» **PROBLEM DETAILS**: Print every line below exactly as written, but leave the pictures behind.

» **SOURCE MATERIAL**:
↓↓↓
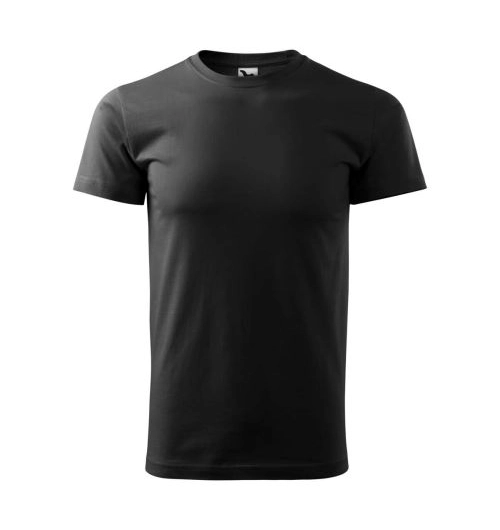 BASIC 129 tričko pánské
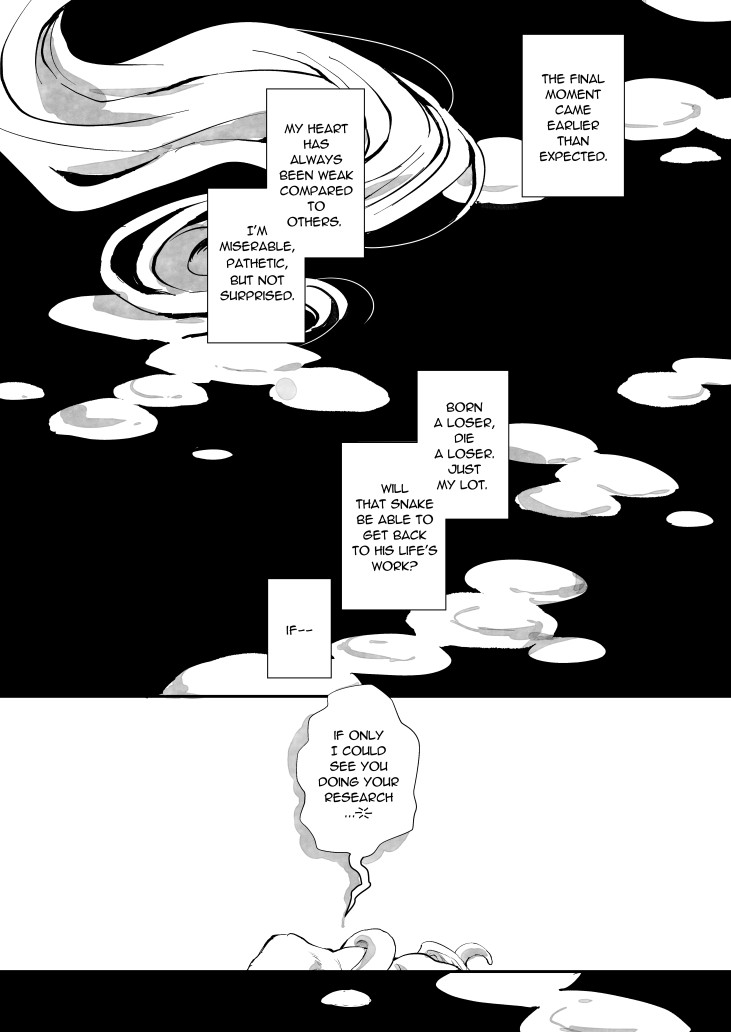 Hymn for the Stallion page 14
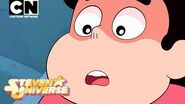 Steven Universe Lion's Secret Cartoon Network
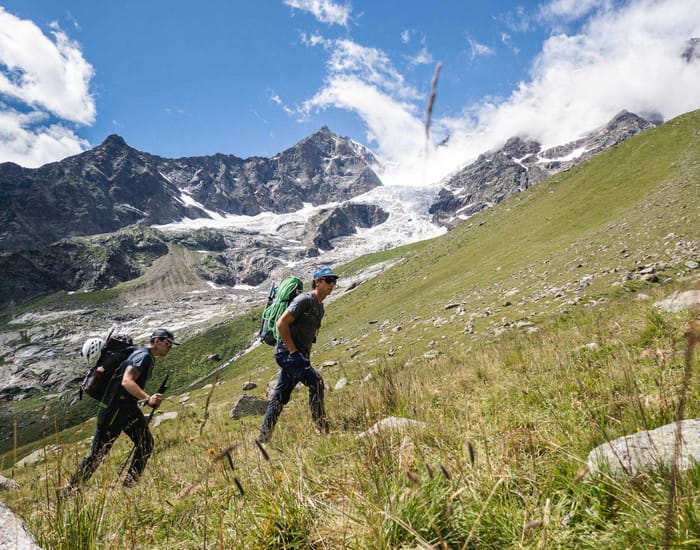 Alagna Mira Hotels Destinazione 03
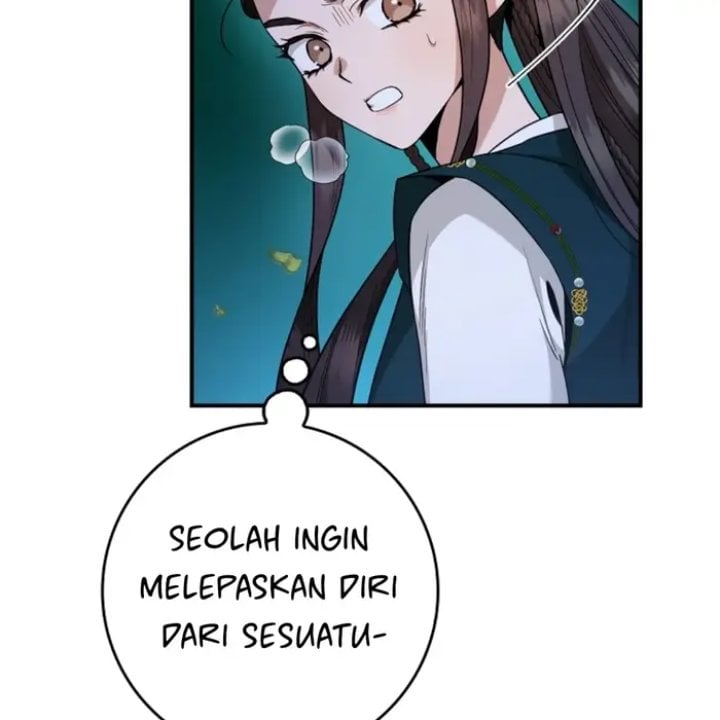 Halaman 22 dari Master Villainess the Invincible! Chapter 109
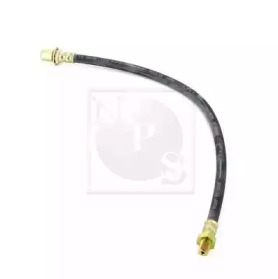 nps t370a42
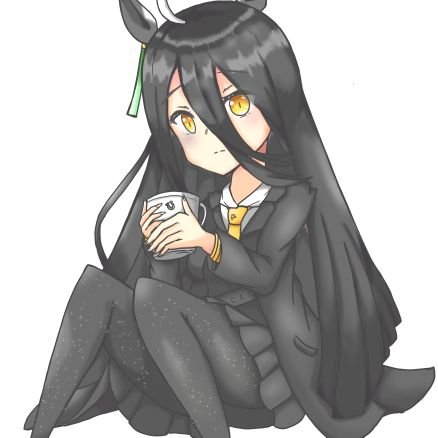 Escapeさんのプロフィール画像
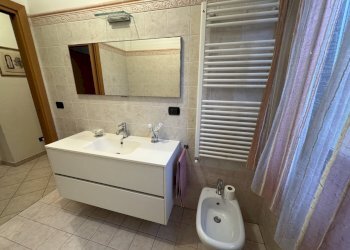 IMG_2276.JPG - Quadrilocale Via Pennabilli 3, Rimini - foto 30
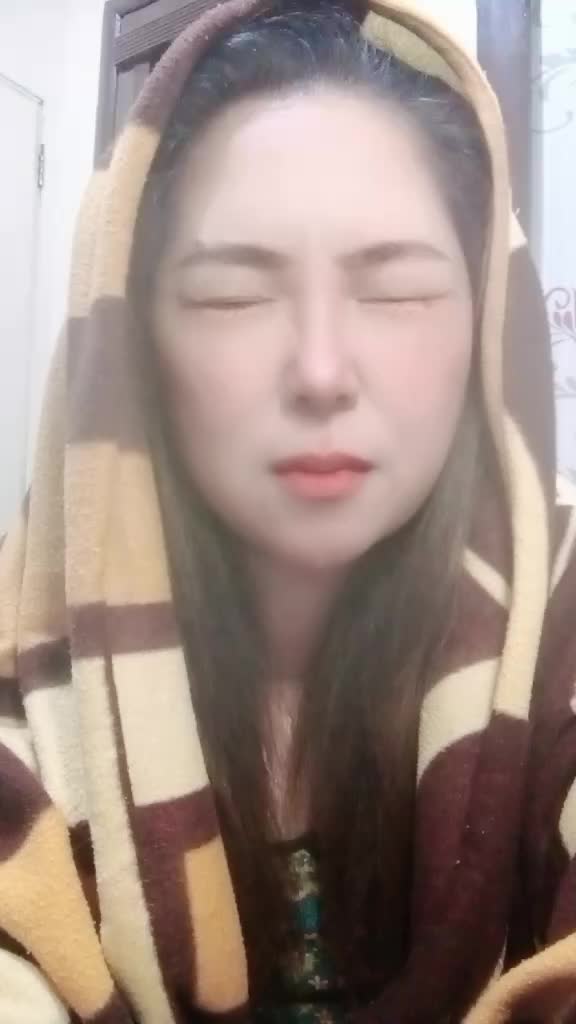 @Aimi Akiyama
↑↑↑
» **RESPONSE BOX**:
 BASIC 129 tričko pánské
 Hymn for the Stallion page 14
 Steven Universe Lion's Secret Cartoon Network
 Alagna Mira Hotels Destinazione 03
 Halaman 22 dari Master Villainess the Invincible! Chapter 109
 nps t370a42
 Escapeさんのプロフィール画像
 IMG_2276.JPG - Quadrilocale Via Pennabilli 3, Rimini - foto 30
 @Aimi Akiyama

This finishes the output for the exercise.